Hoy, diez años después de 2013, este es el lugar de la izquierda nacional. Por lo tanto, es posible decir que 2013 fue un evento suspendido, una oportunidad perdida. Que este sea un momento de reflexión ante un nuevo ascenso de la extrema derecha entre nosotros y la pérdida de una nueva oportunidad.

*Vladimir Safatle Es profesor de filosofía en la USP. Autor, entre otros libros, de Modos de transformar mundos: Lacan, política y emancipación (auténtico).

Publicado originalmente como un capítulo de libro Junio ​​de 2013: La rebelión fantasma, organizado por Breno Altman y Maria Carlotto (Boitempo).

Notas


[i] Véanse BALIBAR, Etienne, NEGRI, Antonio y TRONTI, Mario; El demonio de la política, París: Ámsterdam, 2021

[ii] Véase AGAMBEN, Giorgio; La comunidad que viene. Belo Horizonte: Autêntica, 2016. El uso de este concepto para el caso chileno fue realizado, entre otros, por KARMY, Rodrigo; El porvenir se hereda: fragmentos de un levantamiento chileno, Santiago: Sangría, 2019.

[iii] STREECK, Wolfgang; ¿Cómo terminará el capitalismo? Ensayos sobre un sistema fallido, Londres; Verso, 2016.

[iv] Sobre el miedo como un afecto político central, ver SAFATLE, Vladimir; El circuito de los afectos, Belo Horizonte: Autêntica, 2016.

[V] Véase AGAMBEN, Giorgio; estado de excepción, São Paulo: Boitempo, 2004; ALLIEZ, Eric y LAZZARATTO, Maurizio; guerras y capital, São Paulo: Ubú, 2021.

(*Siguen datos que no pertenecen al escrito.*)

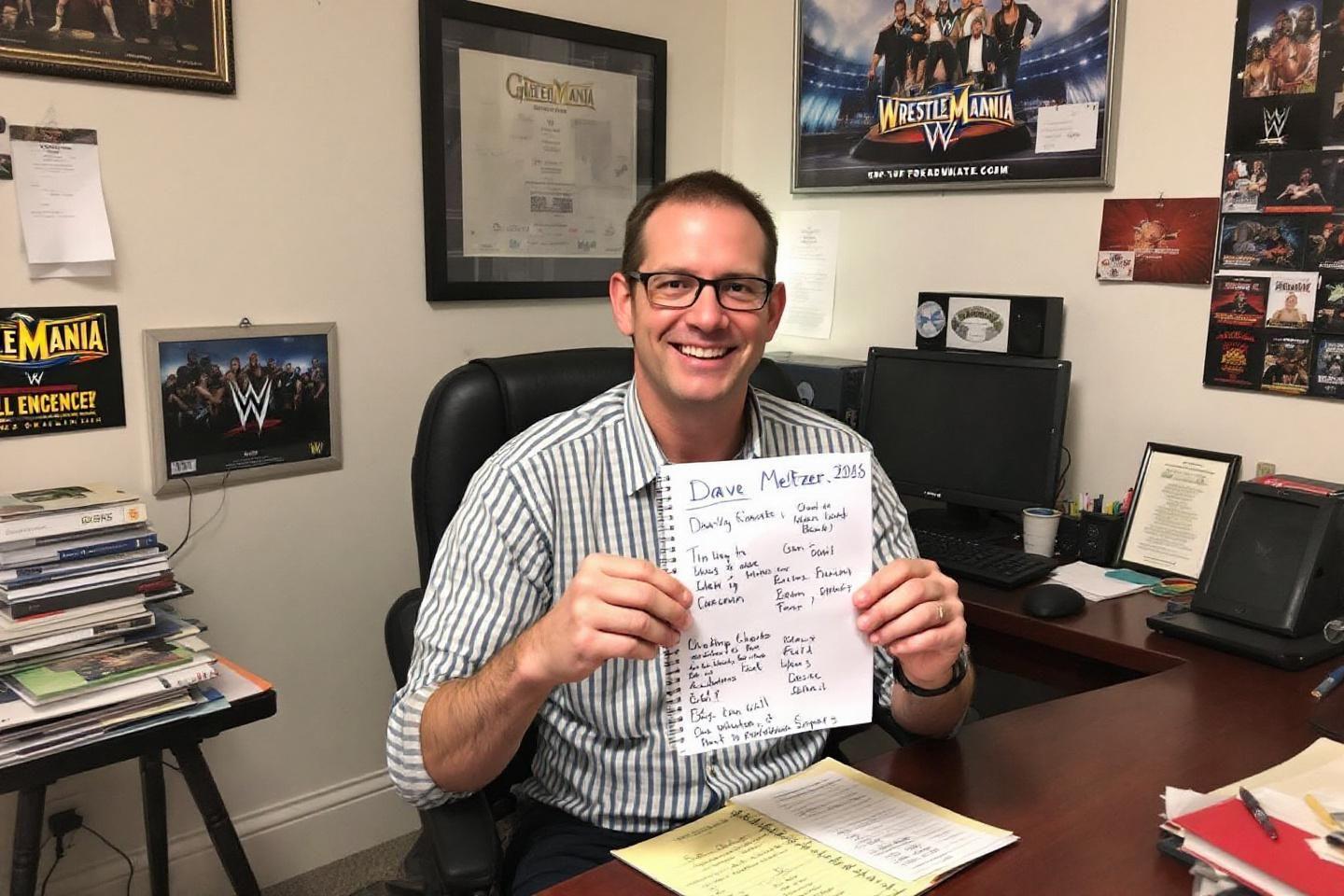 Dave Meltzer dévoile ses notes pour WrestleMania 40 avec Cody Rhodes en vedette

[VI] Como vemos en BADIOU, Alain; Le réveil de l'histoire, París: Seuil, 2011.

[Vii] Para este problema me remito a SAFATLE, Vladimir; Violencia y libido: fascismo, crisis psíquica y contrarrevolución molecular, en Revista Estilhaço (www.estilohaço.com.br)

[Viii] MARIGHELLA, Carlos; Llamado al pueblo brasileño, São Paulo: Ubú, 2020.

[Ex] Me refiero a SAFATLE, Vladimir; solo un esfuerzo mas, Belo Horizonte: Auténtico, 2022.